EDITORIAL DA FOLHA DE S PAULO LULA EM SEU LABIRINTO

 A defesa que o presidente da República fez de correligionários petistas na fila da cassação e outras manifestações recentes parecem indicar que Luiz Inácio Lula da Silva está convencido de que a crise não passa de uma construção política para derrotá-lo. Em outras palavras, atestam a sua incapacidade de reformar procedimentos que tornaram possível o escândalo do "mensalão".
Ponham-se de lado, por insondáveis, os pressupostos do cálculo político que levaram o presidente da República -após quatro meses de uma crise que atingiu em cheio seu partido, seu governo e sua base parlamentar- a trazer para dentro do palácio deputados que comprovadamente usufruíram do "valerioduto".
Mas Lula não parou nisso. De acordo com o relato dos presentes, tranqüilizou os cassáveis afirmando que não são "corruptos"; que cometeram "erros", embora não de corrupção -foi o mesmo Lula que, no passado, disse de Roberto Jefferson, em sinal de confiança cega, que lhe passaria um cheque em branco.

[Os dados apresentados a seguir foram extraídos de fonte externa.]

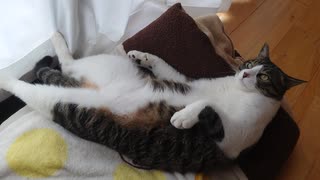 くつろぐ猫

E foi além. Ao explicitar o que, na sua opinião, foi o maior "erro" do PT-o de não ter assumido a versão do financiamento paralelo de campanhas desde o início-, supondo que o caixa dois seja uma prática mais palatável para a opinião pública, Lula lembrou uma entrevista que concedeu em julho em Paris, um de seus piores momentos na crise.

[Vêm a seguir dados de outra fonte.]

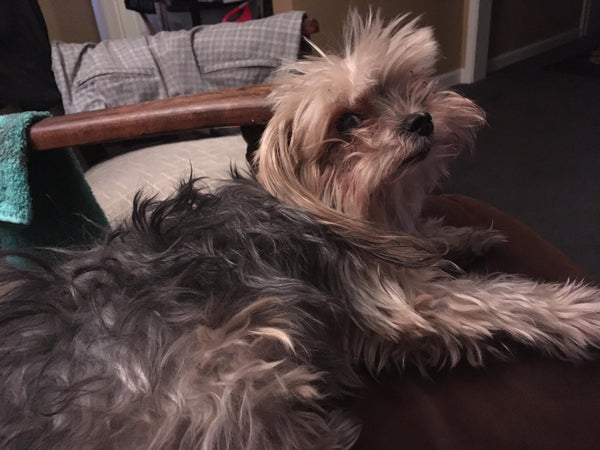 Fifi the yorkie laying down on bed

Na reunião de sexta com os petistas, coube ao ministro Antonio Palocci reavivar explicitamente a "tese" parisiense: o caixa dois seria uma prática de todos os partidos -e, portanto, condenar os petistas por algo que todos fazem seria injusto.

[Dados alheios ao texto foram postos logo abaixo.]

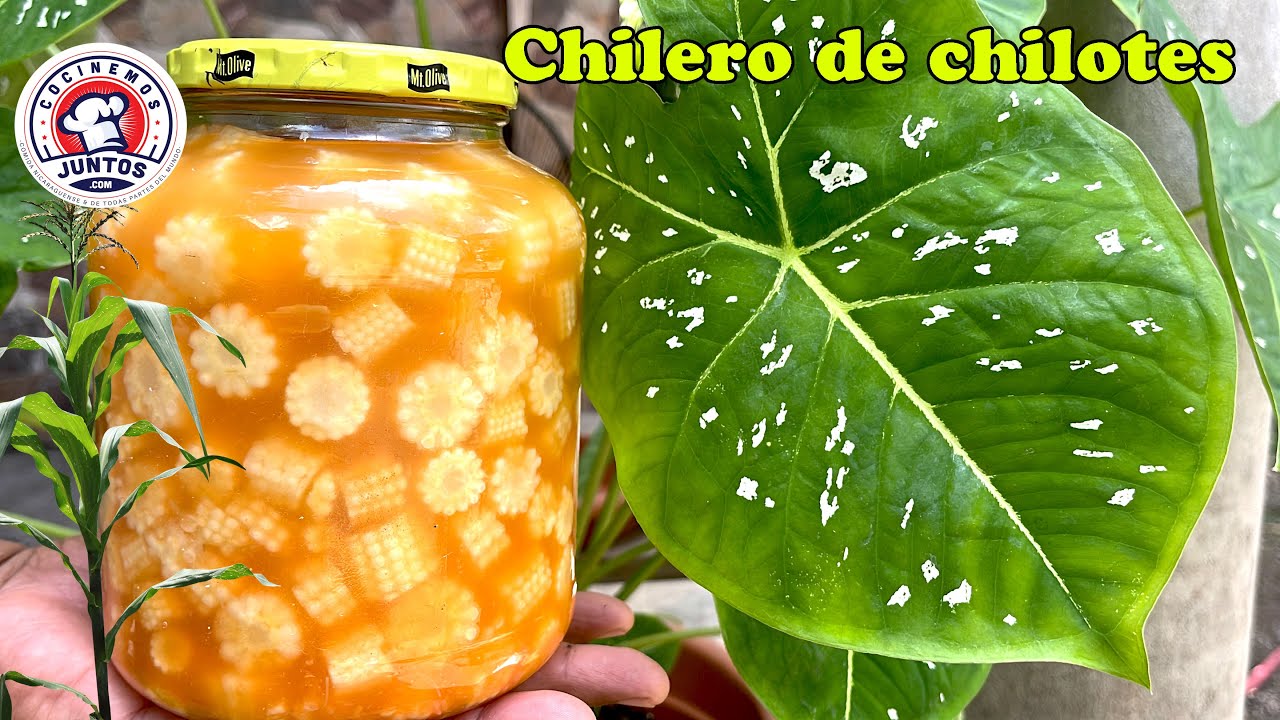 Como hacer un chilero con chilotes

O presidente da República e um ministro de Estado, de suas cadeiras, não fazem outra coisa nesse episódio que abonar uma irregularidade. Parlamentares da base aliada receberam milhões em dinheiro ilegal, a mando do então tesoureiro do PT, em benefício lógico do governo Lula. Isso está provado. O fato de os recursos terem ido para gastos pessoais, empresariais ou de campanha não absolve quem os recebeu.